_COLLECTED MATERIAL_:
____________

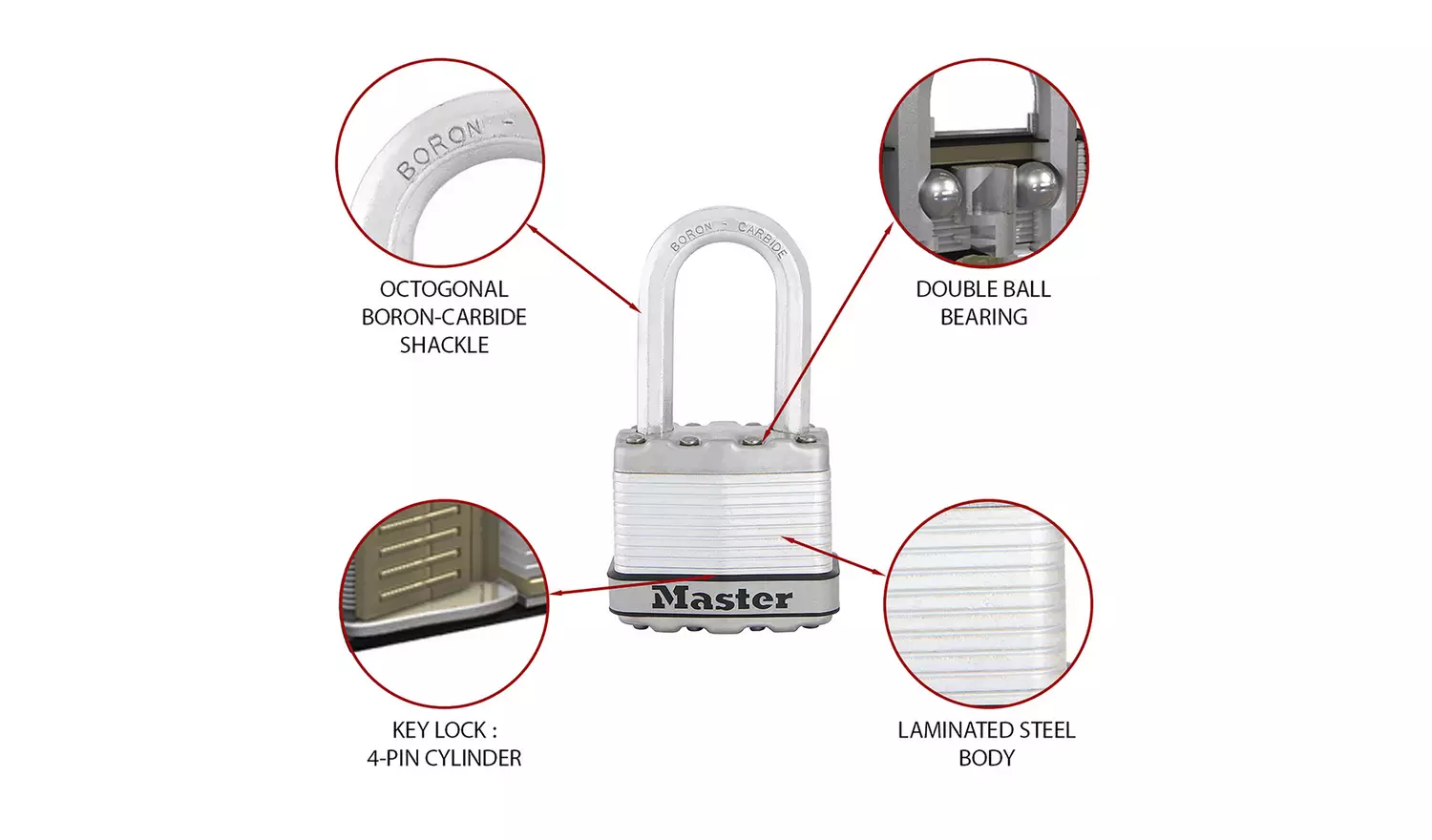 Master Lock Excell Laminated Steel Weatherproof Padlock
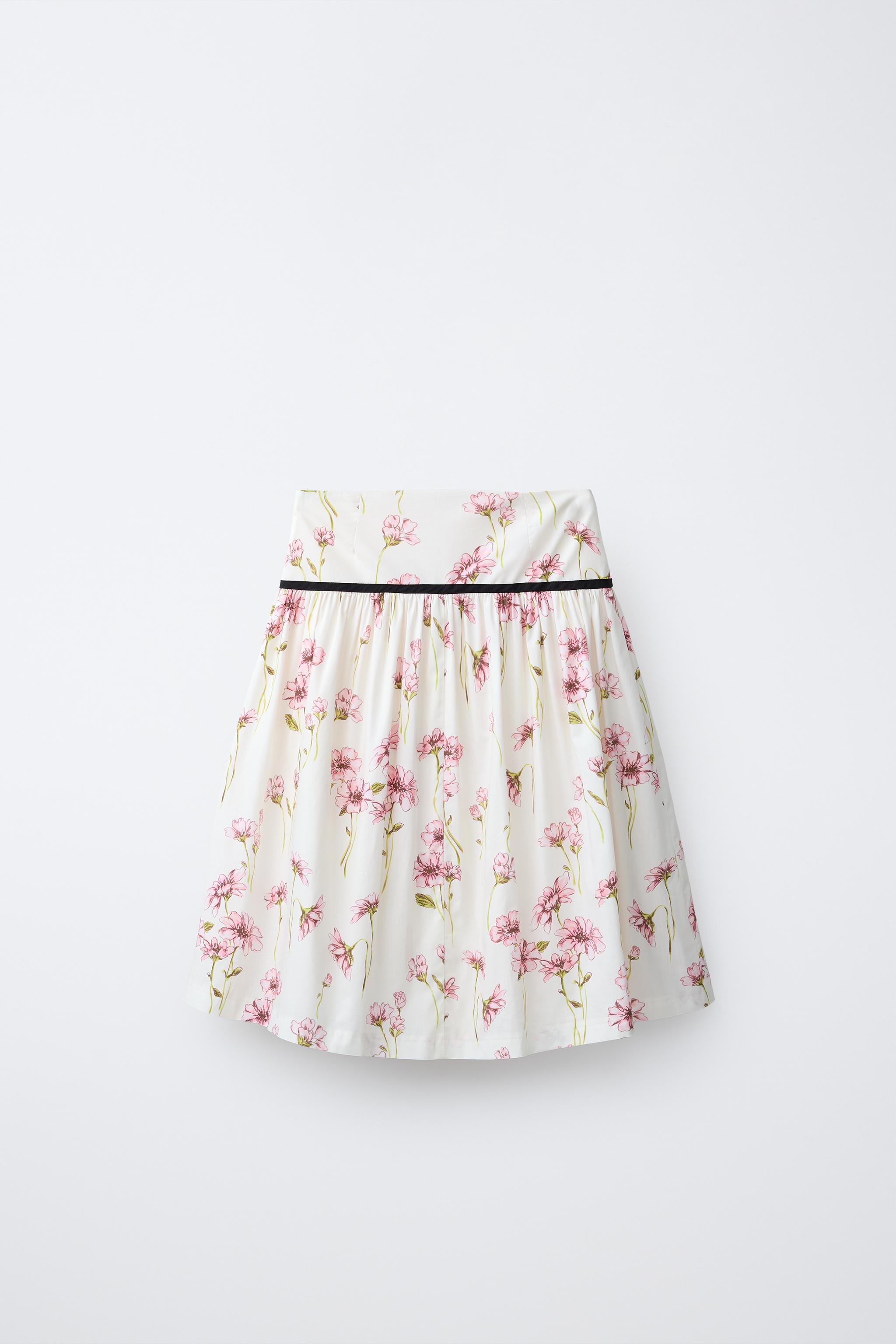 FLORAL PRINT MIDI SKIRT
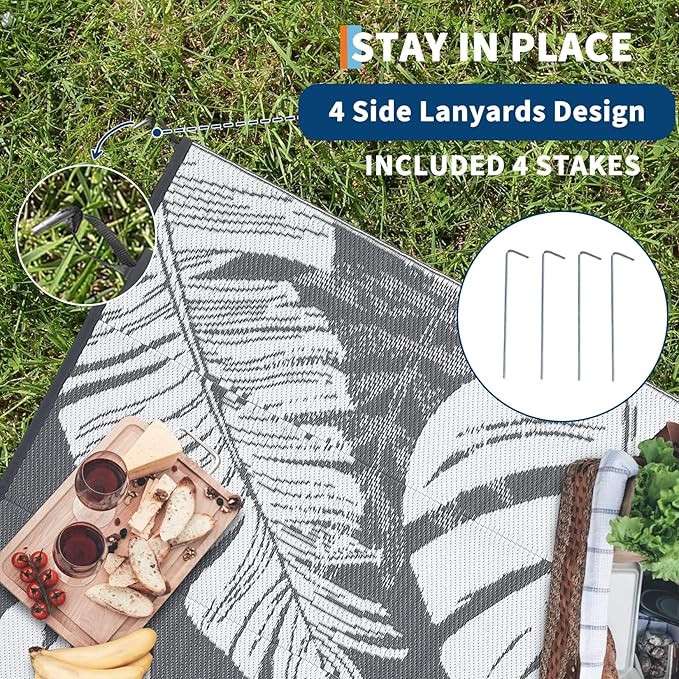 Waterproof Plastic Straw Outdoor Rug 9x18 Patio Reversible UV Resistant Foldable Camping Carpet Modern Leaf Print Large Outdoor Rugs for Deck, Porch, Camper, Balcony, Beach，Grey/White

____________

_INSTRUCTIONS TO FOLLOW_: The whole listing is to be duplicated verbatim, apart from its images.

_RESPONSE FOR THIS EXERCISE_:
 Master Lock Excell Laminated Steel Weatherproof Padlock
 FLORAL PRINT MIDI SKIRT
 Waterproof Plastic Straw Outdoor Rug 9x18 Patio Reversible UV Resistant Foldable Camping Carpet Modern Leaf Print Large Outdoor Rugs for Deck, Porch, Camper, Balcony, Beach，Grey/White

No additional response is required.